Like “Terminator: Dark Fate”, “Doc Sleep” is another worthy follow-up that failed at the box-office and has seemingly kyboshed some planned sequels. And again, this is a shame, because this Flanagan movie is bloody great and truly heartfelt. You do have to accept the fact that this is a “dark fantasy” as opposed to the “moody horror” of the original film, but it still crams in uneasy chills and re-captures the mood of Kubrick in an impressive way. You’ll get shivers up your spine when you hear THAT dirge on the soundtrack, see THAT pattern on the carpet, and notice THAT number on the room. There are also some stunningly realised set-pieces. Rose engages in an astral body flight that is visually haunting. And there’s an extremely dark “murder” sequence that disturbs on a gut-level. Fun-Fact: apparently the young actor was so good in that scene that he genuinely freaked out the adult cast and left them with PTSD.
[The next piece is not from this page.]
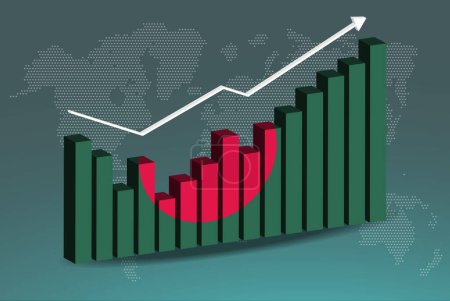 Illustration for Bangladesh 3D bar chart graph with ups and downs, increasing values, Bangladesh country flag on 3D bar graph, upward rising arrow on data, news banner idea, developing country concept - Royalty Free Image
As much as the atmosphere and visuals are good, it’s the central performances that really sell this experience. McGregor is hugely effective and believable in a surprisingly understated turn as adult Danny. The always reliable Ferguson is brilliant as Rose, a charmingly roguish character until you realise the extent of her selfishness and evil. Also very striking is Kyliegh Curran as Abra Stone, who *slight spoiler alert* would have been the focus of a possible sequel, as the confident and honest teenager with “Shining” powers. Full marks should also be awarded to Flanagan for getting lookalike actors to portray “familiar” characters, rather than go down the CGI-uncanny-valley route. A compelling dark treat that deserved better at the cinema, but it’s possible that it may be worth waiting for Flanagan’s extended cut on home media to get the full effect.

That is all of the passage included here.